מִי כָּמֹכָה נֶאְדָּר בַּקֹּדֶשׁ

mi kamoocha nè'daar baqqodesj

wie is als Gij, verheerlijkt in heiligheid,

נוֹרָא תְהִלֹּת עֹשֵׂה פֶלֶא

nora tehilloot ose fellè

vreselijk in lofzangen, doende wonder? (Exodus 15:11)

couplet ('s avonds):

מַלְכוּתְךָ רָאוּ בָנֶיךָ

malchoetcha ra'oe vanécha

Uw kinderen zagen Uw Koninkrijk

בּוֹקֵעַ יָם לִפְנֵי מֹשֶׁה

boqee'à jaam lifnee mosjè

splijtende zee voor het aangezicht van Mozes;

זֶה אֵלִי עָנוּ וְאָמְרוּ

zè elie anoe we'ameroe

"Dit is mijn God!", riepen zij juichend.

couplet ('s ochtends):

שִׁירָה חֲדָשָׁה שִׁבְּחוּ גְאוּלִים

sjira chaddaasja sjibbechoe ke'oeliem

De verlosten roemden met een nieuw lied

לְשִׁמְךָ עַל שְׂפַת הַיָּם

lesjimcha al sefat hajjaam

tot Uw Naam; aan de oever van de zee

יַחַד כֻּלָּם הוֹדוּ וְהִמְלִיכוּ וְאָמְרוּ

jachad koelaam hodoe wehimliechoe we'ameroe

zij allen tezamen, prijs, doe regeren en zeg:

vervolgcouplet ('s avonds en 's ochtends):

יְיָ יִמְלֹךְ לְעֹלָם וָעֶד

addonaj jimlooch leolaam wa'ed

De HEERE zal in eeuwigheid en geduriglijk regeren! (Exodus 15:18)

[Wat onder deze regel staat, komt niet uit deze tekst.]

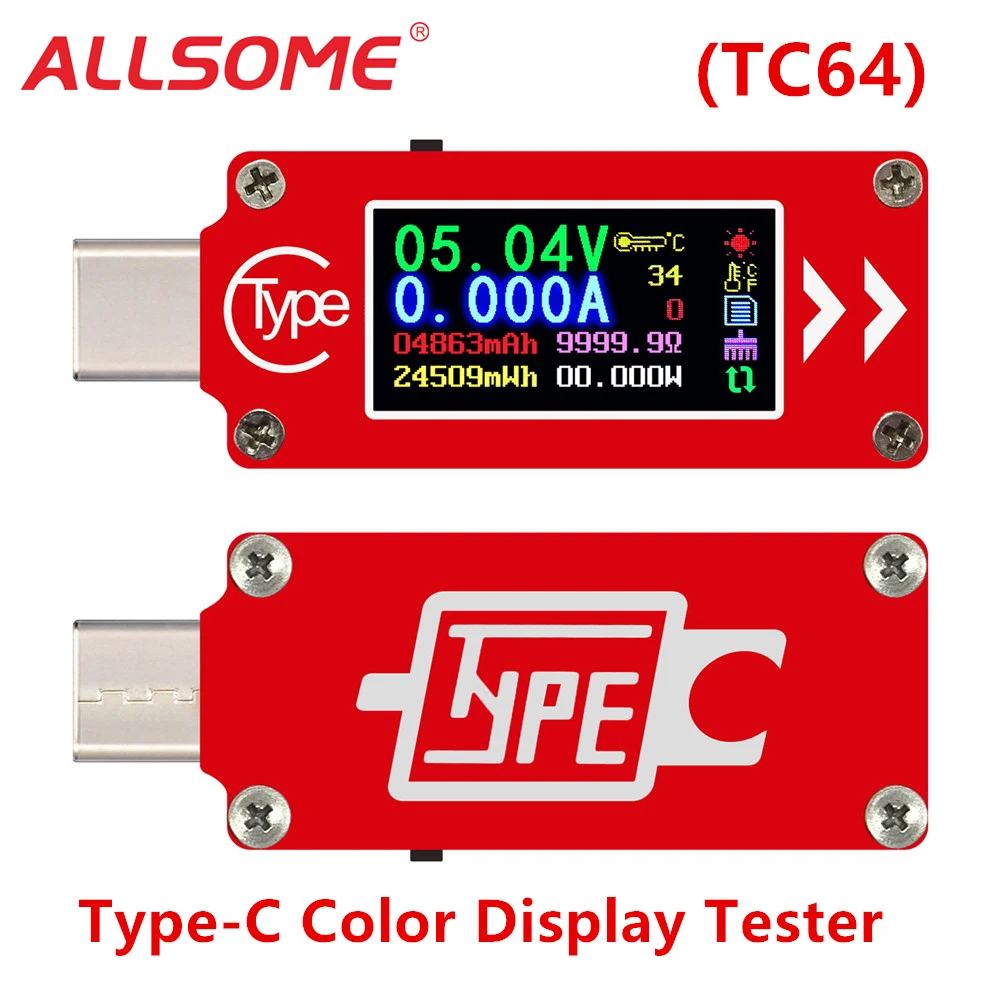 

ALLSOME TC64 Type-C color IPS LCD USB Voltmeter ammeter voltage current meter multimeter battery PD charge power bank USB Tester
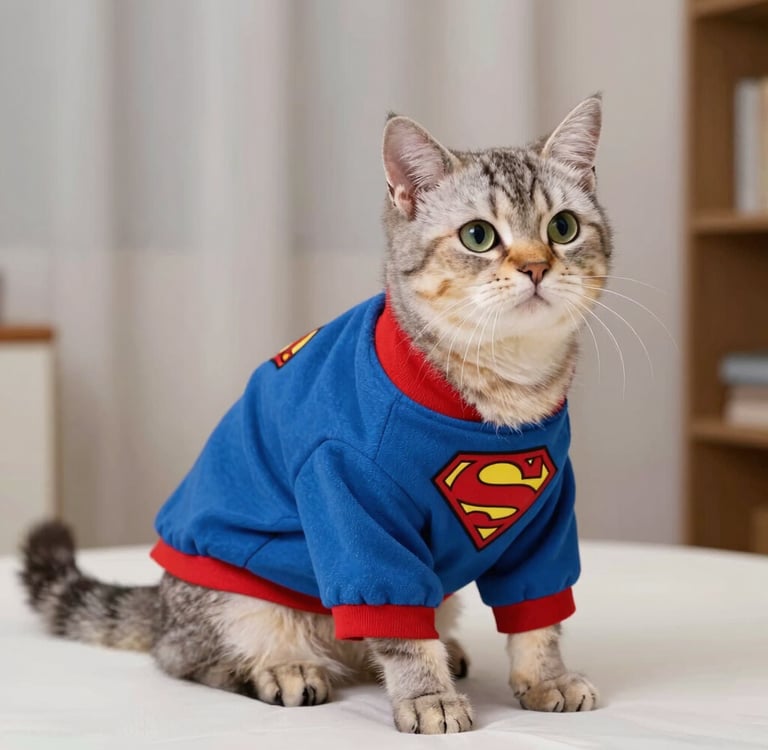 Un adorable gato atigrado con una sudadera azul y roja de disfraz de Superman sentado sobre la cama.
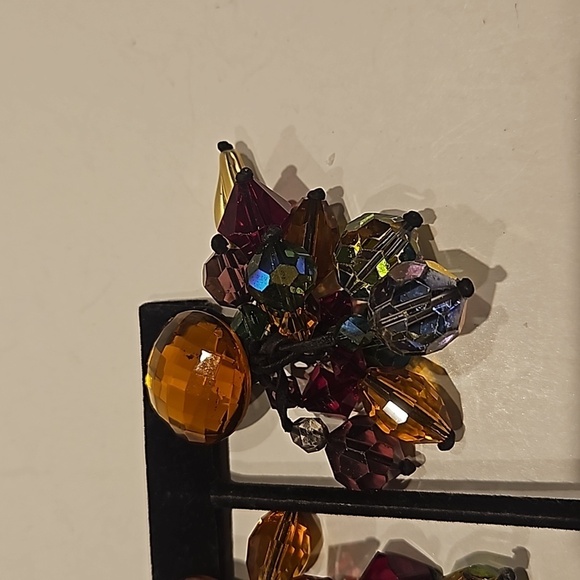 Colored Crystal Beads & AB Beads on Clip-on Earrings - Picture 3 of 6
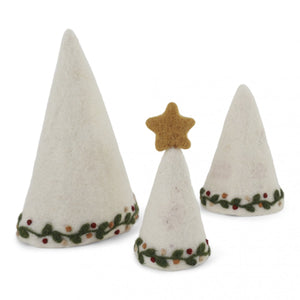 Three felt Christmas trees with star topper on a white background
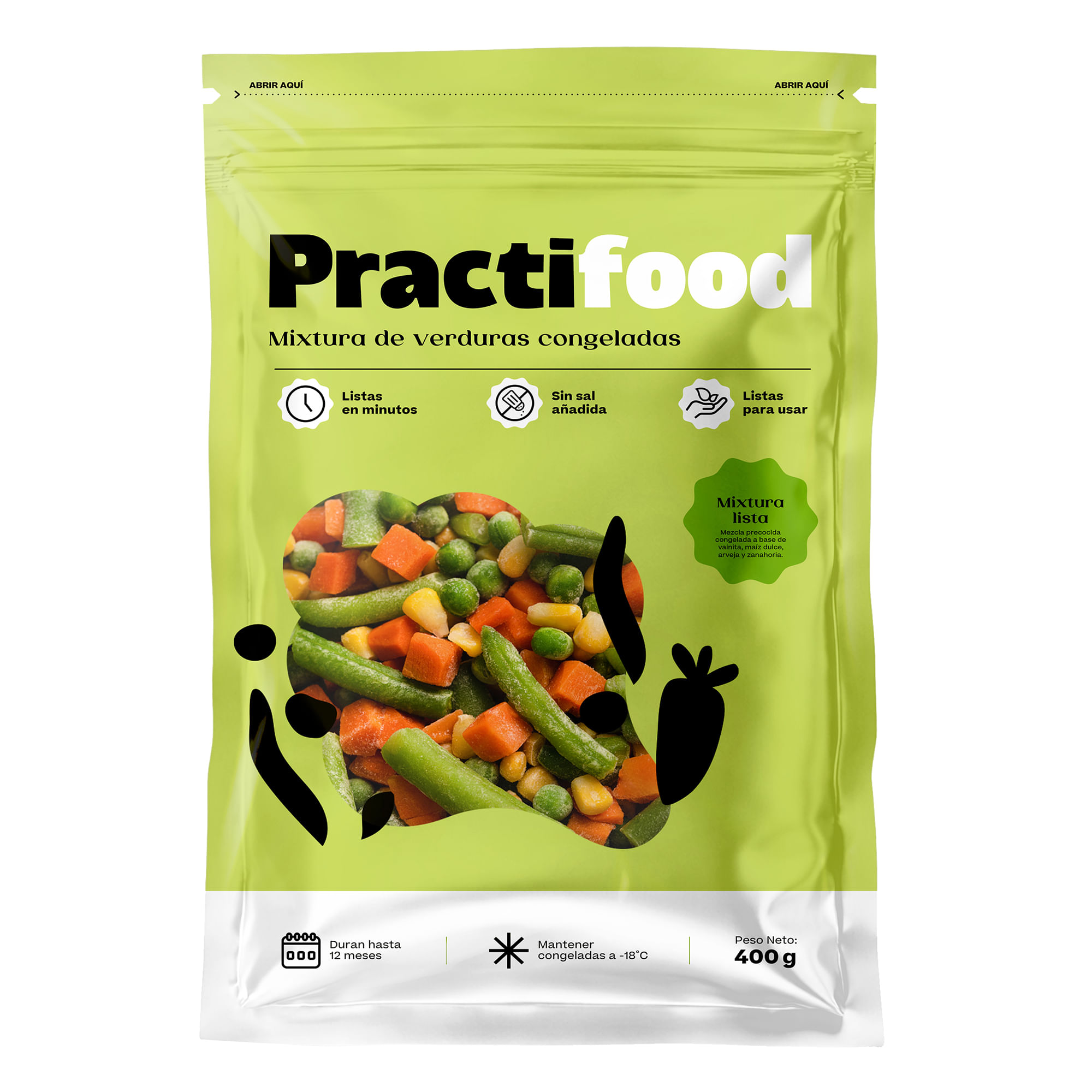Mix Vegetales Precocidos PRACTIFOOD Bolsa 400g
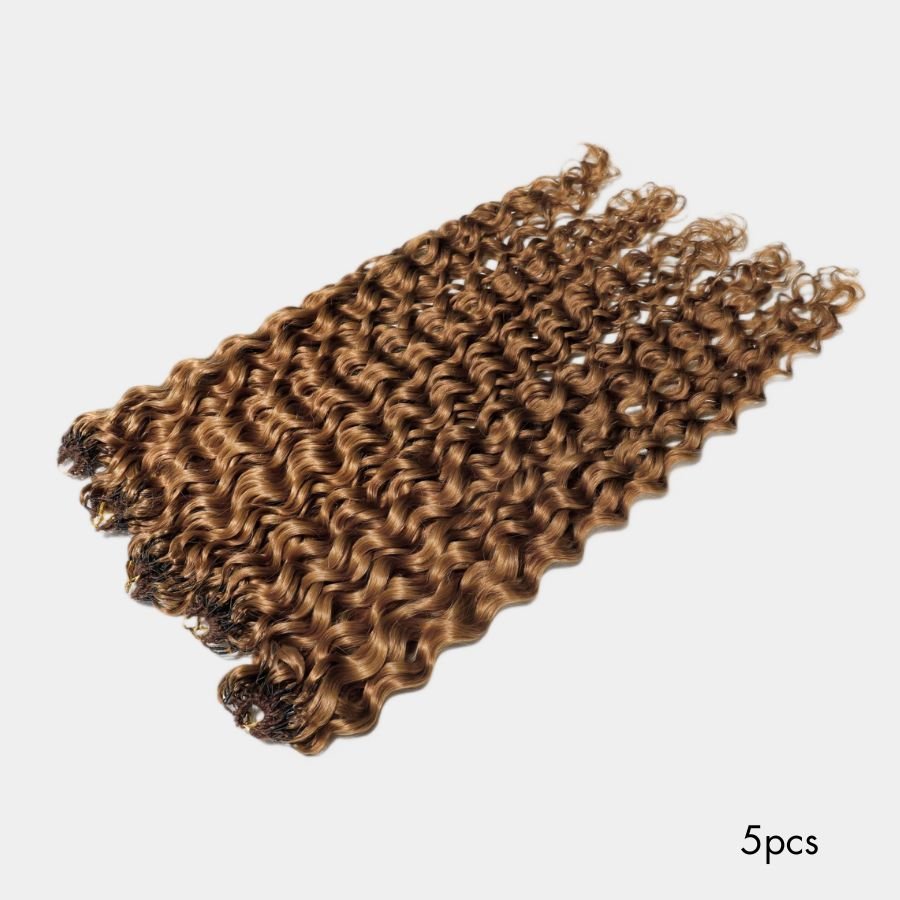 WOWANGEL Brown Color Pre-Separated Feather Crochet Human Hair Extensions for Miracle Knots Boho Braids Water Wave - wowangel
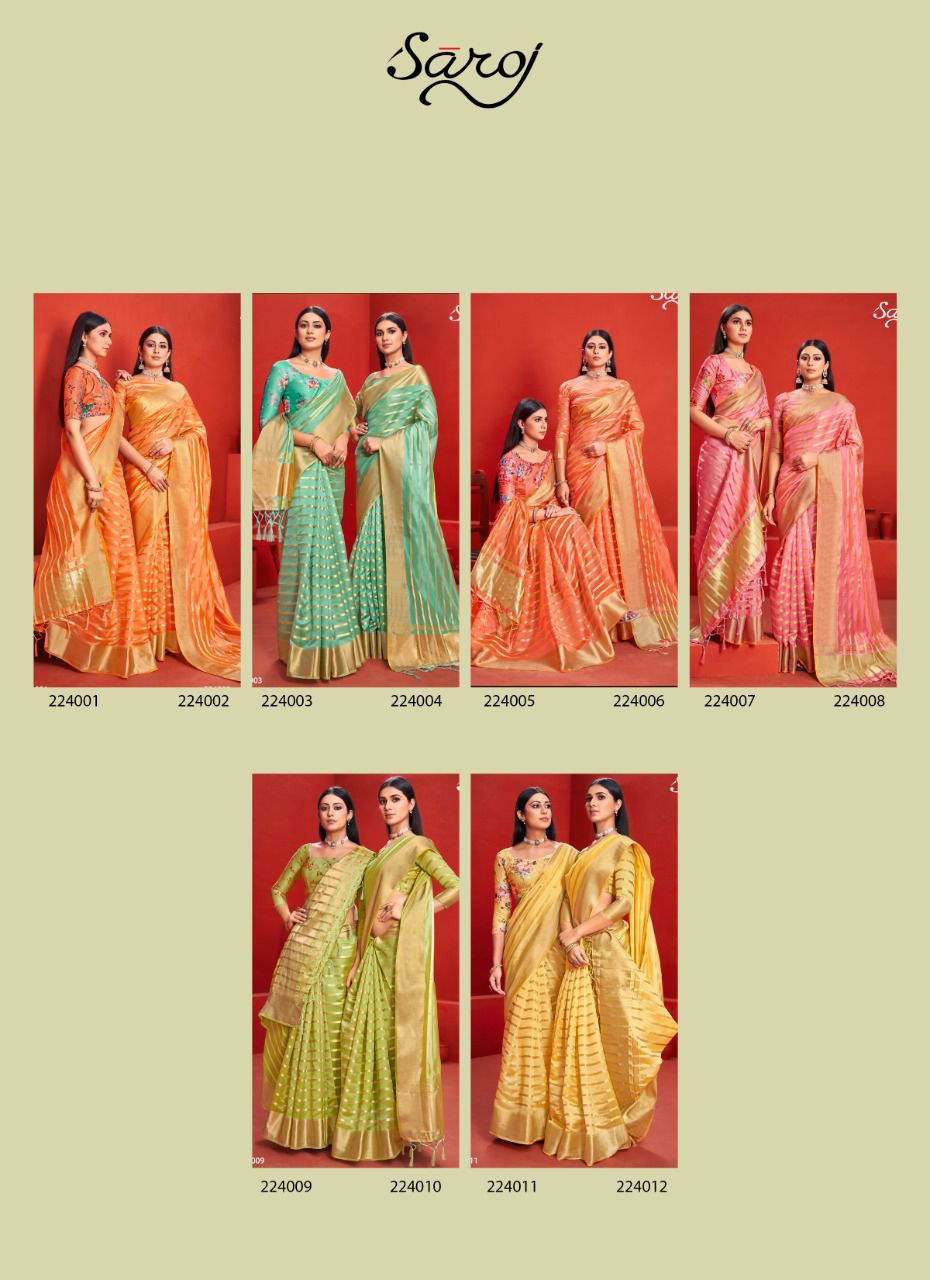 saroj saree jannat organza graceful look saree catalog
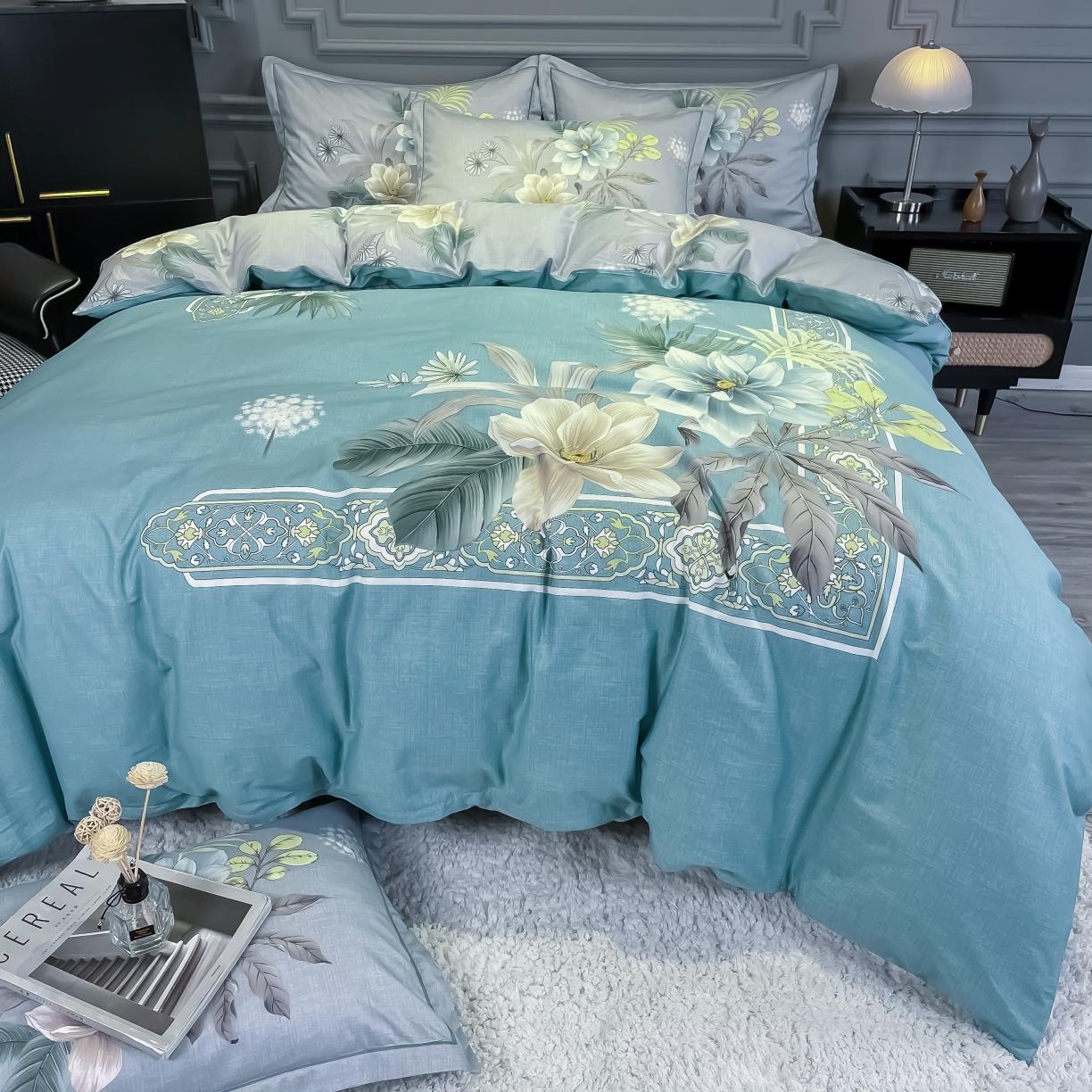 91家纺网 家纺一手货源 找家纺 金爱家 2021新款全棉活性花卉系列四件套 叶知秋兰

בָּרוּךְ אַתָּה יְיָ גָּאַל יִשְׂרָאֵל

baroech atta addonaj ka'al jisra'eel

Geprezen bent U, Eeuwige, verlosser van Israël.

Enkele opmerkingen:

In de westerse Asjkenazische traditie wordt de tekst op feestdagen op een andere melodie gezongen dan op gewone dagen. Voor elke feestdag is er een bekende melodie die het juiste sentiment voor het betreffende feest moet oproepen.

De versie hier is op een moderne melodie van Debbie Friedman (1951-2011), een Amerikaans-Joodse singer-songwriter. Haar muziek wordt gewaardeerd door zowel conservatieve als orthodoxe Joden.

Volgens een uitleg in de Joodse traditie is de (bij)naam van Judas, zoon van Mattatias, de Makkabeeër (1 Makkabeeën 2:4), afgeleid van de eerste consonanten van de eerste vier woorden van Exodus 15:11, het vers waarmee dit lied begint: מַכַּבִּי. De betekenis van deze naam is onduidelijk en er zijn verschillende andere verklaringen voor deze naam.